TikTok menolak berkomentar pada hari Kamis. Namun mereka telah membingkai RUU tersebut sebagai larangan langsung, dengan alasan, seperti Blumenthal, bahwa enam bulan tidak akan cukup waktu untuk melakukan penjualan. Fetterman mengatakan Chew tidak berubah pikiran.
“Saya mengungkapkan rasa frustrasi saya, dan saya dengan jelas menyatakan bahwa anak-anak saya menggunakan TikTok,” kata Fetterman dalam sebuah wawancara. “Jadi jika saya mencoba melarang TikTok, saya pasti sudah melarangnya di ponsel di rumah saya.”
James Andrew Lewis, pakar teknologi di Pusat Studi Strategis dan Internasional, mempertanyakan keefektifan RUU tersebut. “Jika Anda menginginkan tindakan simbolis yang bagus, maka mereka dapat melanjutkannya,” kata Lewis. “Tetapi jika Anda ingin benar-benar melakukan sesuatu, mereka harus menulis ulang hal tersebut.”
Cruz mengatakan dia telah berbicara dengan Ketua Komite Perdagangan Maria Cantwell, seorang Demokrat di Negara Bagian Washington, dan belum jelas apakah panel tersebut akan mengambil tindakan terhadap RUU DPR tersebut.
Senator lain berpendapat bahwa RUU tersebut tidak berjalan cukup baik, sehingga menimbulkan lebih banyak keraguan terhadap peluangnya.
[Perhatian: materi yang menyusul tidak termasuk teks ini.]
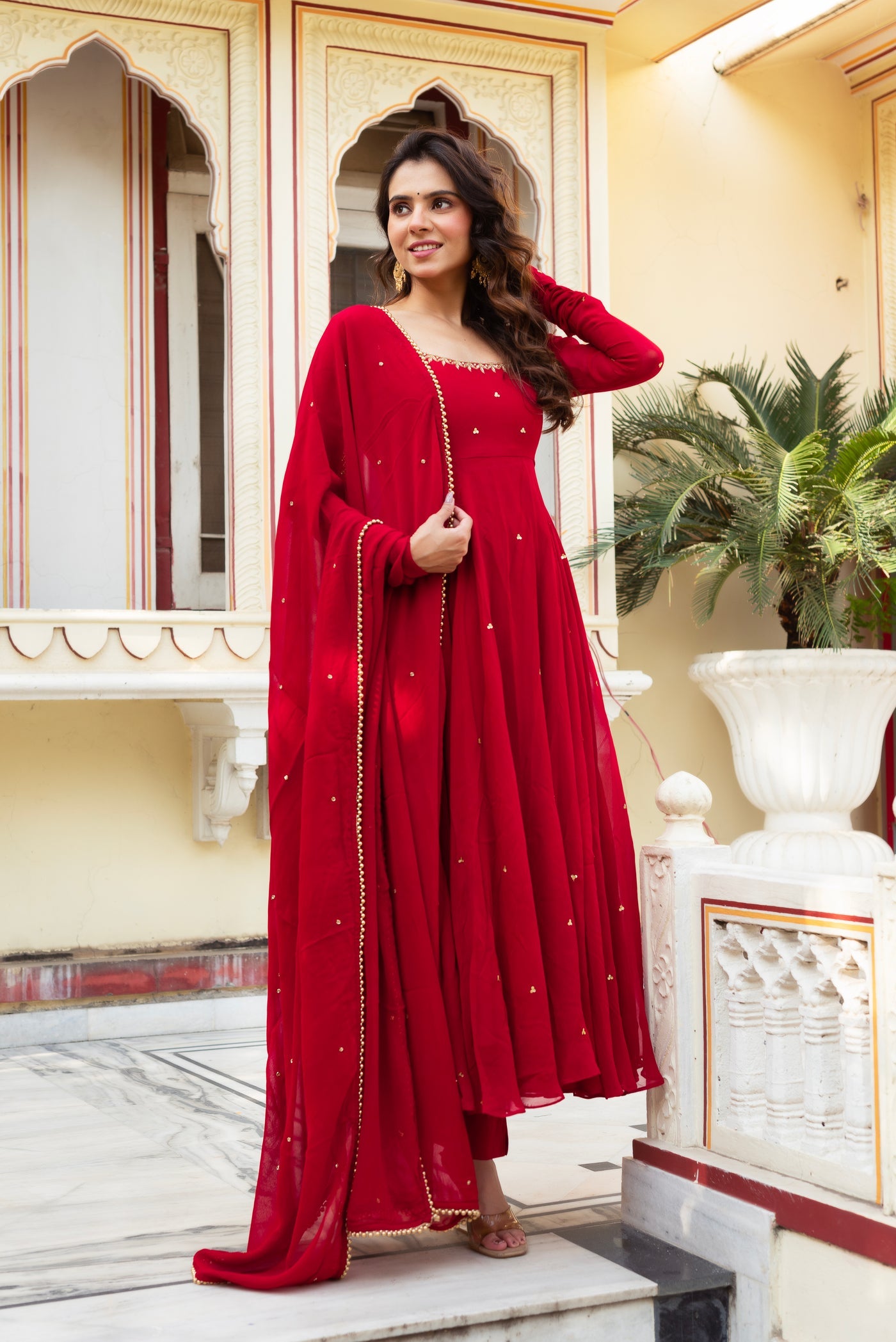 Festive Red Georgette Anarkali Suit with Dupatta Set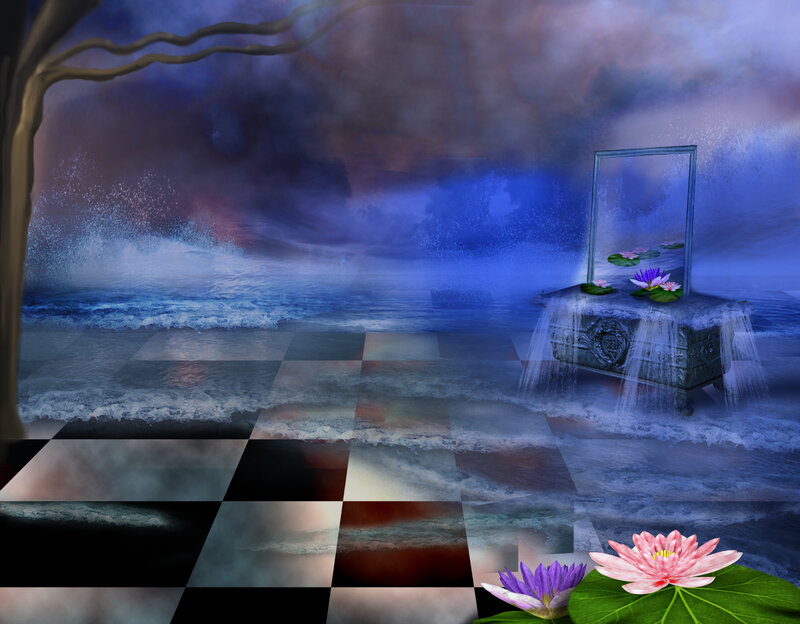 Lily Pads on Water — Blue
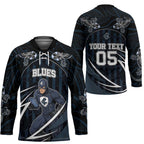 Custom Carlton Navy Hockey Jersey Captain With Aboriginal Art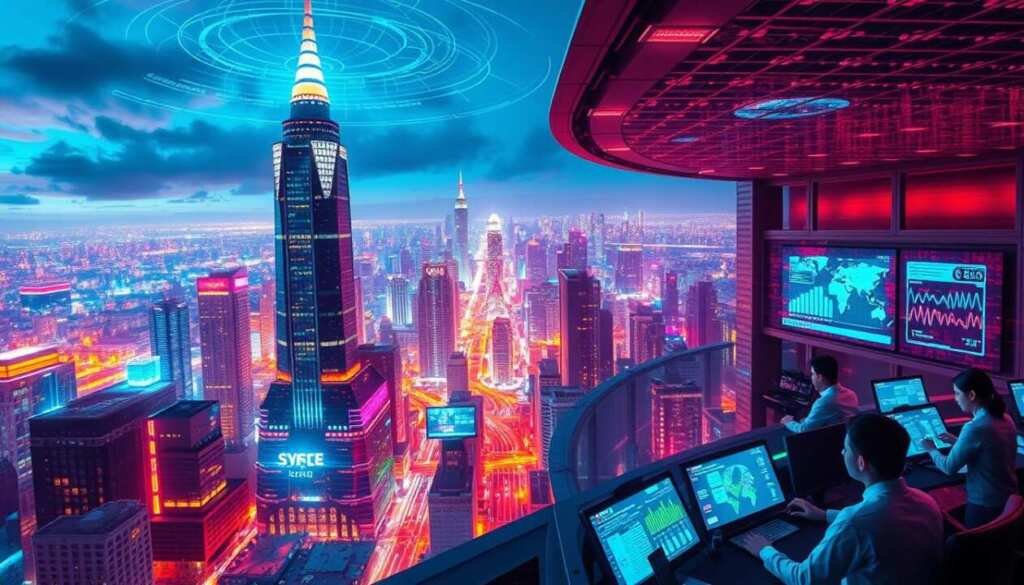 A vibrant, futuristic cityscape with a towering cybersecurity command center at its heart. Glowing neon grids and holographic data streams weave through the urban landscape, reflecting the dynamic growth and evolution of the cybersecurity industry. In the foreground, a diverse team of analysts and specialists collaborate at interactive workstations, their faces illuminated by screens displaying complex threat visualizations. Above, a panoramic view reveals the breadth of the cybersecurity field, with security protocols and threat mitigation systems radiating outward like a protective force field. The scene conveys the urgency, innovation, and limitless career potential of the cybersecurity profession.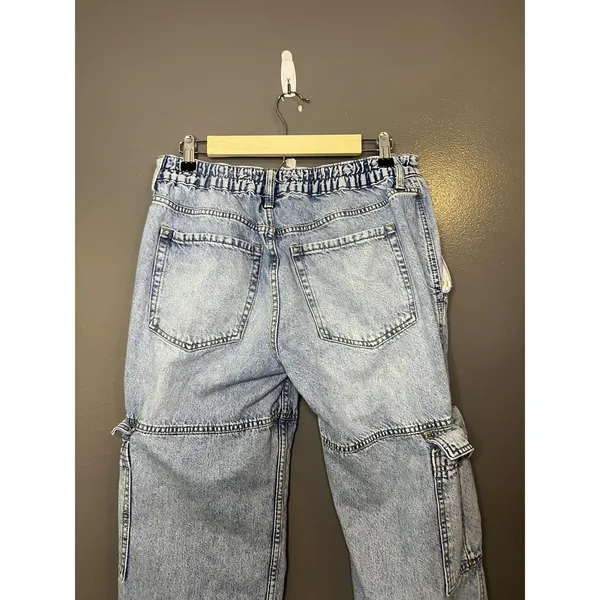 Aeropostale Low Rise Cargo Jeans Womens L Light Wash Blue Wide Leg Relaxed Denim - Image 8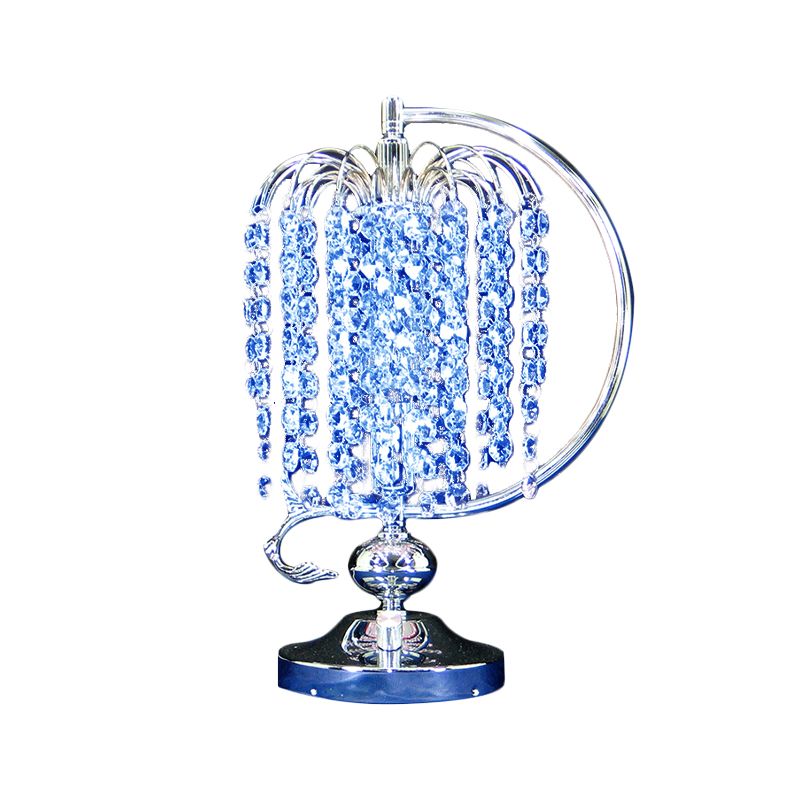 1-Head Drooping Tassel Night Light Retro Pink/Yellow/Blue Crystal Table Lighting with Polished Chrome C Arm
Senator Elizabeth Warren, dari Partai Demokrat Massachusetts, mendukung proposal yang dia ajukan dengan Lindsey Graham dari Partai Republik Carolina Selatan untuk membentuk komisi independen guna mengusulkan aturan bagi perusahaan media sosial.
“Ancaman yang ditimbulkan oleh media sosial tidak terbatas pada satu perusahaan,” kata Warren dalam sebuah wawancara. “Kita perlu membatasi media sosial untuk melindungi privasi, melindungi anak-anak kita, dan memastikan integritas.”
Senator Josh Hawley, seorang anggota Partai Republik dari Missouri dan pengkritik keras TikTok, mengatakan dia berharap DPR akan mempertimbangkan dan memberikan suara pada RUU DPR tetapi pesimis dengan hasilnya. Dia mengatakan belanja lobi yang besar telah menghambat upaya Kongres untuk mengendalikan pelanggaran yang dilakukan oleh raksasa teknologi.
“Mari kita angkat bicara dan berdebat. Kita bisa mengubahnya. Kami akan menjalani proses amandemen secara terbuka. Kami akan membuat undang-undang,” kata Hawley. “Tetapi saya memperkirakan hal itu tidak akan terjadi.”